Mungo Marsden investigates the molecular mechanisms that mediate changes in biological form, in particular the modulation of cell adhesion states. Regulation of cell adhesion is not only important during early cell development, but is also fundamental to a wide variety of health related issues, such as cancer and wound healing.
Brendan McConkey's research focuses on proteomics analysis, that is, identifying and quantifying the proteins active within a biological system. He and his team develop experimental techniques as well as use computational and bioinformatics tools to study protein function and identify changes in protein expression in biological systems, such as yeast, algae, plants and mammalian cells.
Barbara Moffatt is intrigued by how gene expression and enzyme activities are regulated to meet the metabolic needs of plant growth and development. Her research involves genetics, metabolite profiling, enzyme assays, morphological analyses, and reporter gene studies, as well as immunodetection of protein levels and protein-protein interaction assays.
As a microbial ecologist, Josh Neufeld studies microbial diversity in order to understand how microbial communities interact with each other within aquatic, terrestrial, and host-associated environments. Balancing basic and applied research, his research group also studies the nitrogen cycle in natural and engineered systems.

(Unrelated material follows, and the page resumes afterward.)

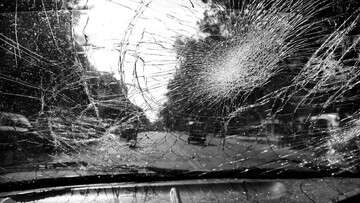 truk-tangki-terguling,-minyak-sayur-tumpah-ke-jalan-dan-kali-di-cakung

Dr. Marcel Pinheiro's focus is zoology of the invertebrates, primarily benthic invertebrates and those that carry out a parasitic lifestyle. His undergraduate teaching focuses on exposing students to the diversity of eukaryotes, both single- and multi-celled, and striving to provide students with the chance to encounter these organisms in the field. Further, Dr.
Michael Power carries out research in salmonid and northern fish ecology and is a world expert on Arctic charr (Salvelinus alpinus) and oxygen isotope otolith microchemistry.
Rebecca Rooney carries out research in wetland ecology and is a world expert on biomonitoring and wetland assessment.
David Rose carries out research in structural glycobiology with particular interest in enzymes associated with human health and disease. Recent work focuses on enzymes that take part in processing major components of the human diet.
Professor Mark R. Servos carries out research in the broad areas of Ecotoxicology and Integrated Water Resources Management.
Ralph E.H. Smith carries out research on water quality and food web function in lakes with special attention to primary producers (phytoplankton, attached algae), nutrients, and the environmental processes behind issues of current concern (lake anoxia, problem blooms, shoreline fouling, etc.).
David Spafford carries out research on voltage-gated cation channels including calcium and sodium channels and NALCN. The channels regulate key functions in our body, including signaling and rhythmic activities in the brain and heart.
Applications of his research include developing new classes of drugs for treating epilepsy, cardiovascular disease and cancer.
Jonathan Witt carries out research in Molecular Ecology and Evolution and is a world expert on amphipod crustaceans.